**Task to complete**
An exact copy is required of the lines running from the one that contains "Guess trippy pinstripe ribbed tee shirt" to the end of the material, both ends included, with pictures omitted.

**Input material**
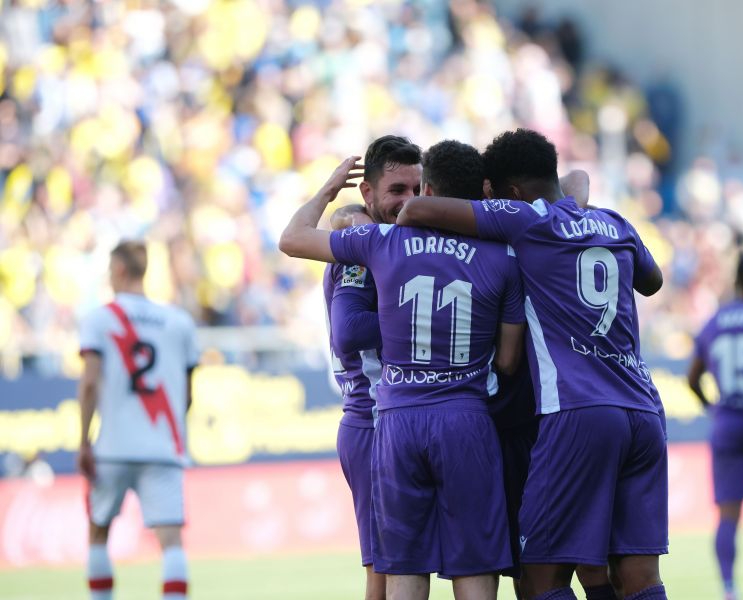 Los jugadores del Cádiz, celebrando un gol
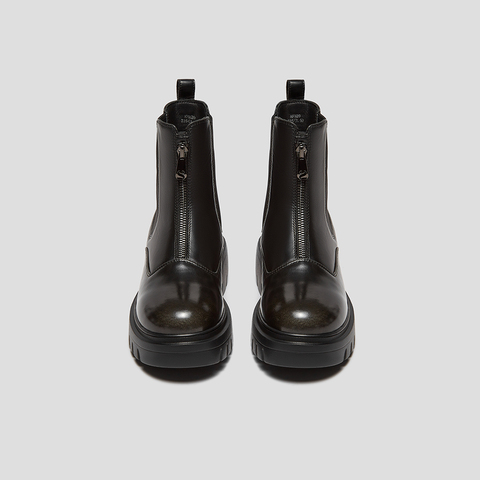 SKAP圣伽步女鞋2025冬季新款切尔西靴复古擦色增高舒适女款休闲靴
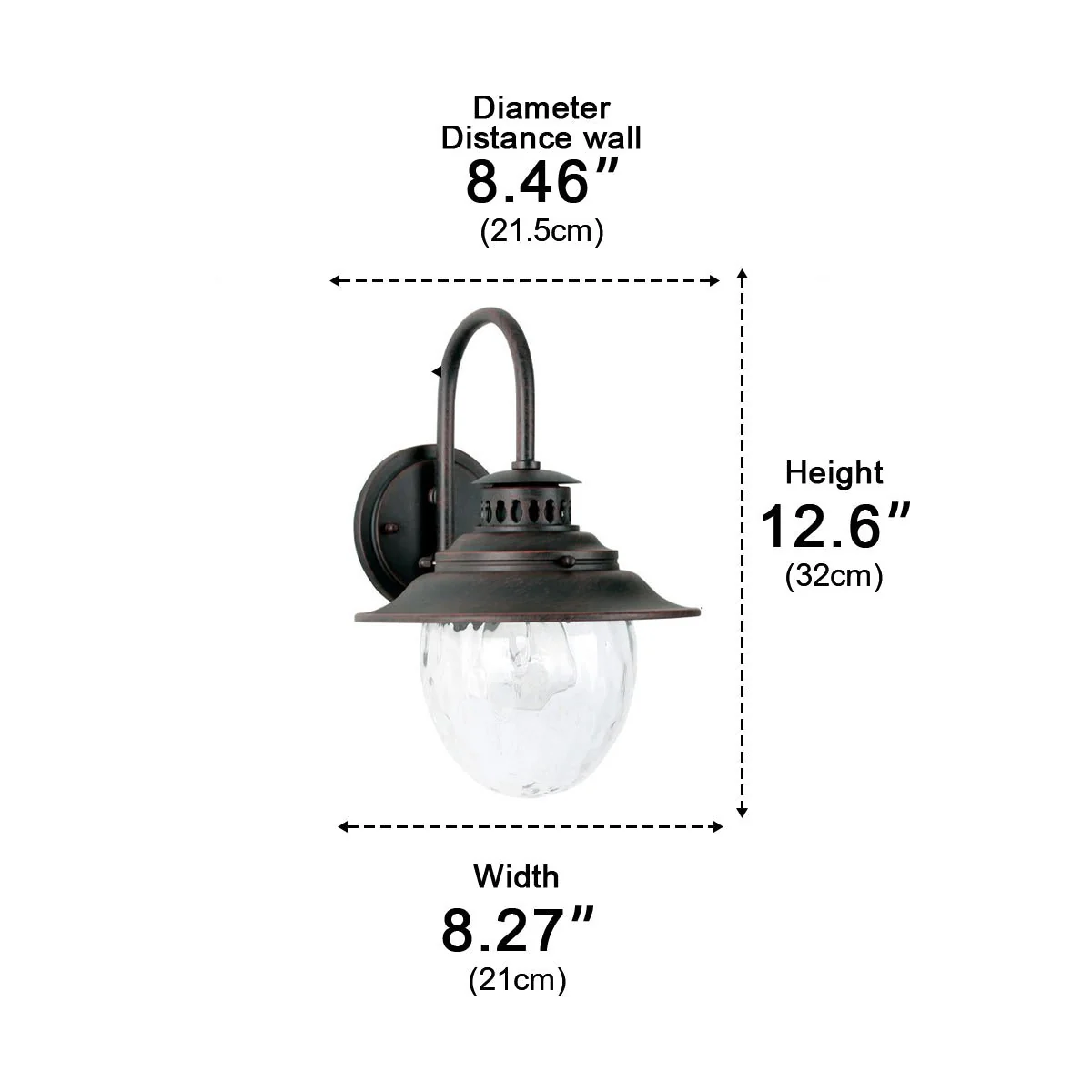 Farmhouse Waterproof Black Horn LED Outdoor Wall Light - Image 7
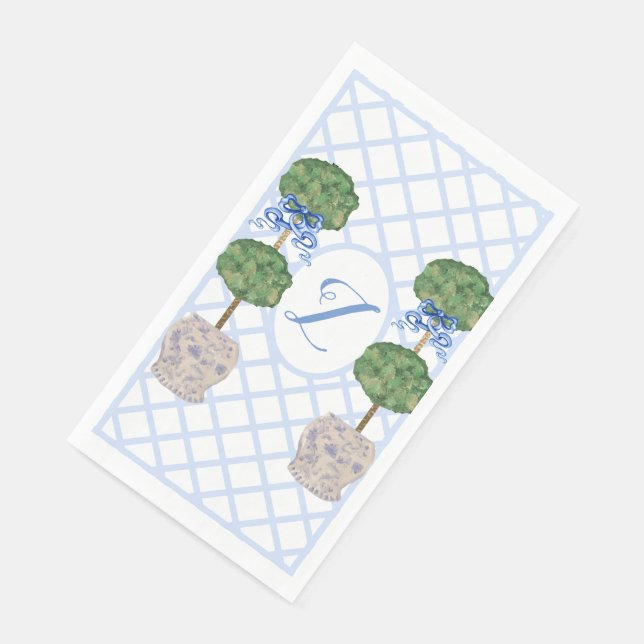 Baby Blue Chinoiserie Ginger Jar Jars Topiary Paper Guest Towels (Corner)
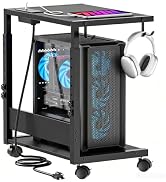 Computer Tower Stand, Height-Adjustable PC Stand with Charging Station | PC Holder Rolling Comput...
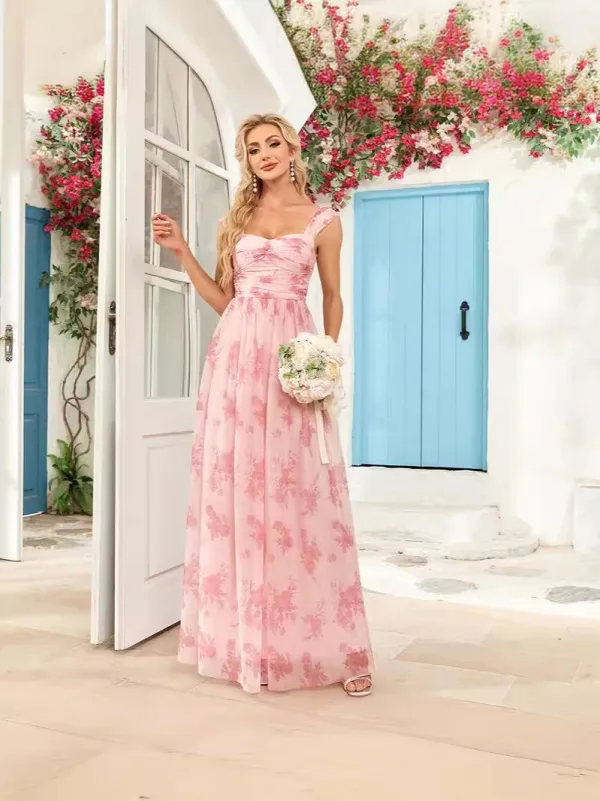 Chic / Beautiful Blushing Pink Printing Prom Dresses 2025 A-Line / Princess Spaghetti Straps Sleeveless Backless Floor-Length / Long Prom Formal Dresses
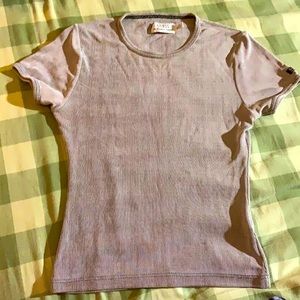 Guess trippy pinstripe ribbed tee shirt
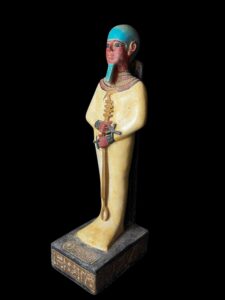 Handcrafted God Ptah Statue: Rose & Black Granite Egyptian Replica - Image 3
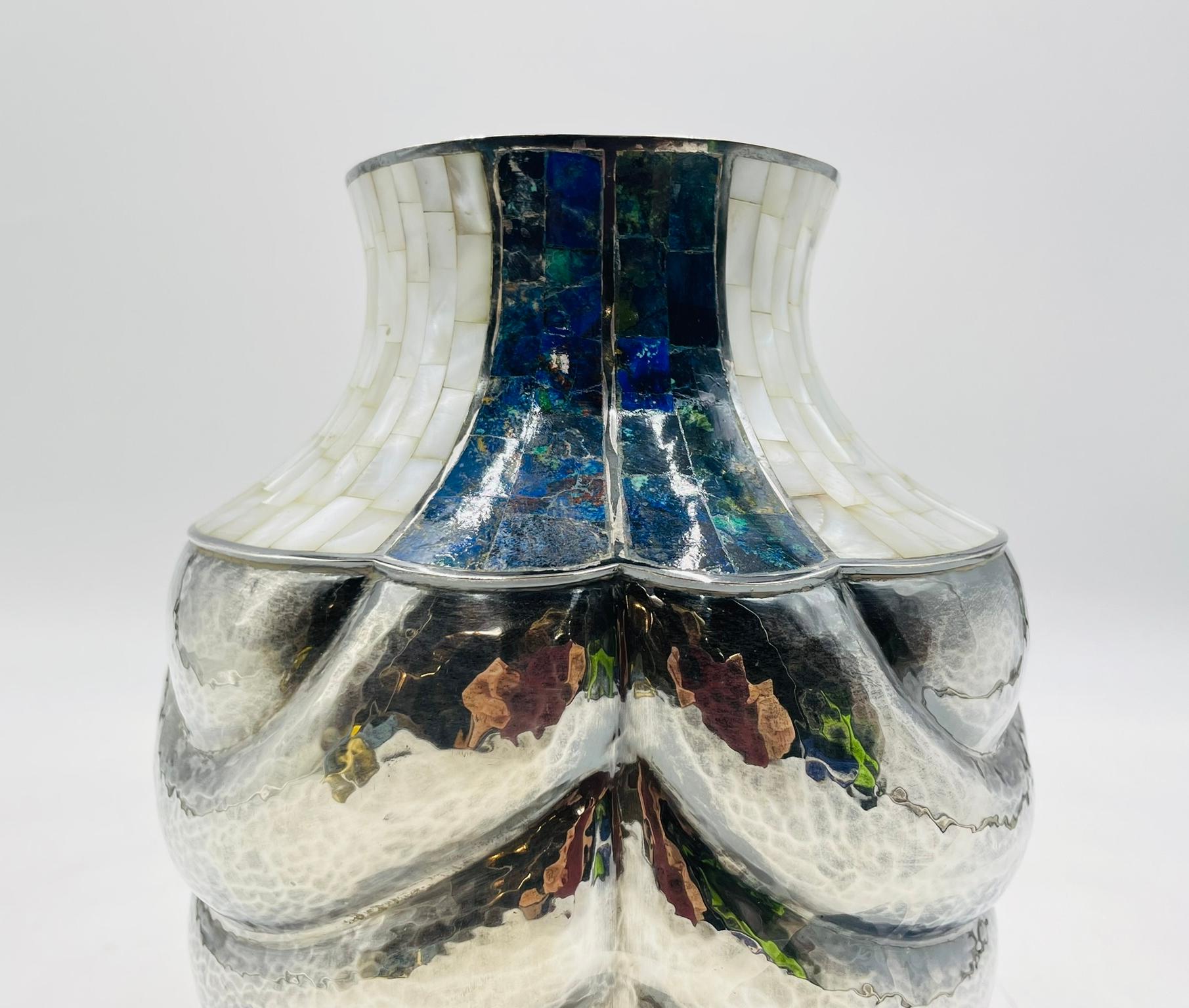 Los Castillo Studio Vase with Inlay and Hammered Finish, Mexico 1970's For Sale 5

**Exercise result**
 Guess trippy pinstripe ribbed tee shirt
 Handcrafted God Ptah Statue: Rose & Black Granite Egyptian Replica - Image 3
 Los Castillo Studio Vase with Inlay and Hammered Finish, Mexico 1970's For Sale 5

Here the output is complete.